Bill Bogiatzoglou’s art touches on something primordial. Perhaps it’s the statuesque portraits or maybe it’s the contrast between the gold and black. Whatever it is, they depict something symbolic that we’ve forgotten, a truth that has disappeared when humans became docile and domesticated, a reverence for death and what might come after.
Imbued with an archaic power, seemingly telling narratives of rising empires and falling nations, his powerful imagery combines the overarching theme of death with the grandiosity and ritual of the bejeweled remains of an Egyptian pharaoh - decked out in gold and gemstones, presented like an icon of the afterlife.
Of Greek origins, Bogiatzoglou now lives in Edinburgh - which makes sense. Scotland’s capital is a darkly gothic place, where you could easily get lost in the cobblestones, drunk by the moonlight and consumed by the tales of bodysnatchers and spirits.
Elegant to the point of a visceral commemorative poetry, one cannot help but spend time looking at his dazzling designs. They’re complex, yet as simple as it comes. Speaking a truth without having to open their mouth. Bogiatzoglou challenges Western perceptions of death and what comes after it.
Our worldview isn’t global, but isolated to a very small part of it. Here, death is death. There might be an afterlife and we bury our dead in fine clothes as if there’s a chance that where they’re going has a dress code - but nothing is confirmed, nothing is certain or known. In the art of Bogiatzoglou, he adopts a rarer way of looking at the potential of what is, isn't or could be. Death to him is cause for celebration.

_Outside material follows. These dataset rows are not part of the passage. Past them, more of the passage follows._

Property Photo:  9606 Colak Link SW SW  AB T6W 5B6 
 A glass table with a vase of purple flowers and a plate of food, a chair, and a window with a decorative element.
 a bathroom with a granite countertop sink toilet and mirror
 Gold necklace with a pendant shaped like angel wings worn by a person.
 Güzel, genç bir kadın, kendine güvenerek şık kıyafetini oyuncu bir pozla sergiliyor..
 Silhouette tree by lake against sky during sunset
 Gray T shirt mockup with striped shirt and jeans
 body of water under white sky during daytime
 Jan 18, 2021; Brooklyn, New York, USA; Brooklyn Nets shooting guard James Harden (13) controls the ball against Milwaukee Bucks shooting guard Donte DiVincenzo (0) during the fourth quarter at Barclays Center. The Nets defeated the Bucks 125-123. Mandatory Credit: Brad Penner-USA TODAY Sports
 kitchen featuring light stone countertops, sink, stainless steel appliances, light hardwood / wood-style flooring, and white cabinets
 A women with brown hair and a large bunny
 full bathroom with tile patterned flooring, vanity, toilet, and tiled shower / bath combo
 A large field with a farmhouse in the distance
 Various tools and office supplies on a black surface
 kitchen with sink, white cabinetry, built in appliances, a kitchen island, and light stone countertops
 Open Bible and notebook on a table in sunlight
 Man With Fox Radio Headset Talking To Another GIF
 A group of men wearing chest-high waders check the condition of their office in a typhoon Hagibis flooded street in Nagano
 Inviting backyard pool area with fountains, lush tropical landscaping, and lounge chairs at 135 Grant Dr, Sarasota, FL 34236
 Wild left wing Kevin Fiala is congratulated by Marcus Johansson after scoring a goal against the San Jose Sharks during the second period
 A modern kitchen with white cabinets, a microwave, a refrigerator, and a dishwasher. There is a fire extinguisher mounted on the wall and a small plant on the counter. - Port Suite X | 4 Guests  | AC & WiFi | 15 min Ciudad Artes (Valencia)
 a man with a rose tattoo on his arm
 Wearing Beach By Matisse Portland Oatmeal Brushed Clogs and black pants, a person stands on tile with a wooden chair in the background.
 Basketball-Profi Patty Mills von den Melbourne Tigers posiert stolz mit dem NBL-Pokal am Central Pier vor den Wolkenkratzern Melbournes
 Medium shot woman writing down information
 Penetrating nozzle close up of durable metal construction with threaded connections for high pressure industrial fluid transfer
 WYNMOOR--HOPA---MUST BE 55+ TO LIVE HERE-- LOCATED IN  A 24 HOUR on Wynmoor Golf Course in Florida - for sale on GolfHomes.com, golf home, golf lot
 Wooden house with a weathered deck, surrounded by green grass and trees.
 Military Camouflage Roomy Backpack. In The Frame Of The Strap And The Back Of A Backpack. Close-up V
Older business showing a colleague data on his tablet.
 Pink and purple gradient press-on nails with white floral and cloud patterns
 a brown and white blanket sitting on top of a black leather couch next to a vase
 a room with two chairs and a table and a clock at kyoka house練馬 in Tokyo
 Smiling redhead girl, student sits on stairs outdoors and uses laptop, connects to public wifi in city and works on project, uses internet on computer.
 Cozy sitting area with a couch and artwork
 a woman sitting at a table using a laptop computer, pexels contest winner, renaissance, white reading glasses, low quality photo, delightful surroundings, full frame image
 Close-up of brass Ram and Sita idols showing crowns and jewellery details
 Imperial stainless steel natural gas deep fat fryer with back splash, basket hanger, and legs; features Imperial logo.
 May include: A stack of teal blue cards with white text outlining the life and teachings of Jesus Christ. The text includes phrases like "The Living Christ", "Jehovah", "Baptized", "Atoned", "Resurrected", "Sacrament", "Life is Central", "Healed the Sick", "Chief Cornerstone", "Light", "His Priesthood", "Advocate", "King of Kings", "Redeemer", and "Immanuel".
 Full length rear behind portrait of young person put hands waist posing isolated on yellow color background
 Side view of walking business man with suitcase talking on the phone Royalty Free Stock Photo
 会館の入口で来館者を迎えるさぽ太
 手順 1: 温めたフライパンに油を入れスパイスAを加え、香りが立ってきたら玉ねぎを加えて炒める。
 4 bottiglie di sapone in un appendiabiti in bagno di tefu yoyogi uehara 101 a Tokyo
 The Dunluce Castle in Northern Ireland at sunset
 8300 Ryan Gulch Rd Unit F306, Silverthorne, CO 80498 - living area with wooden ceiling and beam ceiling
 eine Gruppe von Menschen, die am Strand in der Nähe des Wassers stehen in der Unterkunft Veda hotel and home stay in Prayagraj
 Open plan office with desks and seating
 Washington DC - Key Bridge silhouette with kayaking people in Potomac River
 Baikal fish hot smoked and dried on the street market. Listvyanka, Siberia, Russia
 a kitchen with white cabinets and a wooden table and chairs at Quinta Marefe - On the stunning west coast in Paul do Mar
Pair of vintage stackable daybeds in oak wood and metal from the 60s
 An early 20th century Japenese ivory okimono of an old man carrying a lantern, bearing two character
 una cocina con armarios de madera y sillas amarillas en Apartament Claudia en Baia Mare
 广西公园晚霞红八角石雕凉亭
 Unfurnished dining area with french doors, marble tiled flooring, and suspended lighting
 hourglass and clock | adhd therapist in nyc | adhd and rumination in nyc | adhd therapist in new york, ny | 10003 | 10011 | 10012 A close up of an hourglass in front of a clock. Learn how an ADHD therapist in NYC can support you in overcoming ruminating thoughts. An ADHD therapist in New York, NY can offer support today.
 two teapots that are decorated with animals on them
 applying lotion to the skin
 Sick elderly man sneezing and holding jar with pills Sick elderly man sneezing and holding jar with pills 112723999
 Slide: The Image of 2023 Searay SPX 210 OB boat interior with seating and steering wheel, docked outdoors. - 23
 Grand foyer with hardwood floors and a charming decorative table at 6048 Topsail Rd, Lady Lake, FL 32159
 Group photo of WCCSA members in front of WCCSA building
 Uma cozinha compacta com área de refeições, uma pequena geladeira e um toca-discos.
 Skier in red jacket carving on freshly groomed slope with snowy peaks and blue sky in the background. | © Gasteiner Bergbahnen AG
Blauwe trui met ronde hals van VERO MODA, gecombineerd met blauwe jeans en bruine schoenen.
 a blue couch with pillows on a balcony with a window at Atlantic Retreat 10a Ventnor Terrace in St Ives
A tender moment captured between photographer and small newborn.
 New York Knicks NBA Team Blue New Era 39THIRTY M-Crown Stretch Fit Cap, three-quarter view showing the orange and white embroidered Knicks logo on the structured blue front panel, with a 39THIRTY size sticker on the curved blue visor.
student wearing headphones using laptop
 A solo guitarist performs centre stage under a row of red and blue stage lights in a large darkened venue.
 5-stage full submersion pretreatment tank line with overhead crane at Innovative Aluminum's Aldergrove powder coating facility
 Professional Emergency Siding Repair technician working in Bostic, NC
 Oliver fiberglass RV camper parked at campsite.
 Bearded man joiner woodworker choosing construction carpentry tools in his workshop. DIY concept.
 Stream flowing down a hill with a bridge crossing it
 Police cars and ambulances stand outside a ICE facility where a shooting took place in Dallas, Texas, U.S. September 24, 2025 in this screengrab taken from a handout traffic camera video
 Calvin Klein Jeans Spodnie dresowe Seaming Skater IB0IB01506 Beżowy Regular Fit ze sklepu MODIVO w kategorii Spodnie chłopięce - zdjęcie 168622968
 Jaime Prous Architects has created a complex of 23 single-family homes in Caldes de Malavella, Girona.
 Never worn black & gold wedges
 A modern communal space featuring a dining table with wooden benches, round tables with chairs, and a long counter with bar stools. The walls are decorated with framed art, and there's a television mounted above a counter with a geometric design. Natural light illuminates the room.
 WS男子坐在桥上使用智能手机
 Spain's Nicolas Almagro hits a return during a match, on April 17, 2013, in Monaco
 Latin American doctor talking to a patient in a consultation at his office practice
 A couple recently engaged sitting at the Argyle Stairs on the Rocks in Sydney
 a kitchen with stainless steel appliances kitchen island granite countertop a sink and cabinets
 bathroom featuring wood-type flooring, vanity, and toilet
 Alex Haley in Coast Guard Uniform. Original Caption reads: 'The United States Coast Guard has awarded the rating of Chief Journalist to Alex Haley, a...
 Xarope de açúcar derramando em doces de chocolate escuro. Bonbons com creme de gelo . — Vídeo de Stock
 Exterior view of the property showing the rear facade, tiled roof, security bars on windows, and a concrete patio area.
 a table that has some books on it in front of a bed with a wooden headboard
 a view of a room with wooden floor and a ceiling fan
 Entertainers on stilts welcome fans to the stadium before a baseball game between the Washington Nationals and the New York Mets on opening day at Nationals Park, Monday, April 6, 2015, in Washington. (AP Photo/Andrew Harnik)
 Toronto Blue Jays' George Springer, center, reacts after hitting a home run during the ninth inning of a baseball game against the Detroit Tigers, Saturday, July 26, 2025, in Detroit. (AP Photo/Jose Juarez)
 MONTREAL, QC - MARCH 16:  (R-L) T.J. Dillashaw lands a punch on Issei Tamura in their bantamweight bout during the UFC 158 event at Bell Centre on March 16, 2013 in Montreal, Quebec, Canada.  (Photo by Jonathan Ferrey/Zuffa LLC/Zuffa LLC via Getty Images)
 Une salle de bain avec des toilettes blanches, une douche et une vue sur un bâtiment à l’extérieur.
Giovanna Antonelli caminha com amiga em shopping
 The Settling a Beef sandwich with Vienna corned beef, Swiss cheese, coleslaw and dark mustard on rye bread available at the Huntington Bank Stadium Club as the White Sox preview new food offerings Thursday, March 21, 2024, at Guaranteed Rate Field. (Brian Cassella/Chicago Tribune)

He isn’t obsessed with this darkness though, but with beauty. Unflinchingly and achingly beautiful, these celebratory portraits encapsulate the kind of selflessness of past (and some current) civilisations that would gladly sacrifice the valuable now, for the potential of something greater in the future. The worldly for the otherworldly.
Buried with precious stones and metals, Bogiatzoglou’s characters seem to have become these objects. Their aesthetic seeped into the very calcified makeup of their skeletal remains. Beyond these ornate works, the Greek designer makes heavily robotic figures, or even fantasy book covers - thriving when fully immersed in the narrative of his characters.
Influenced by the splendour of renaissance and medieval art, whose deeply religious overtones connected much of the art produced in those times with a sense of something higher, even supernatural, connecting the human to the realm of God or other. Bogiatzoglou’s digital designs are a contemporary reinterpretation of this desire to make art out of life in the hope that we can transcend the immediate. They’re a hand reaching into the ether, a longing question that might never be answered.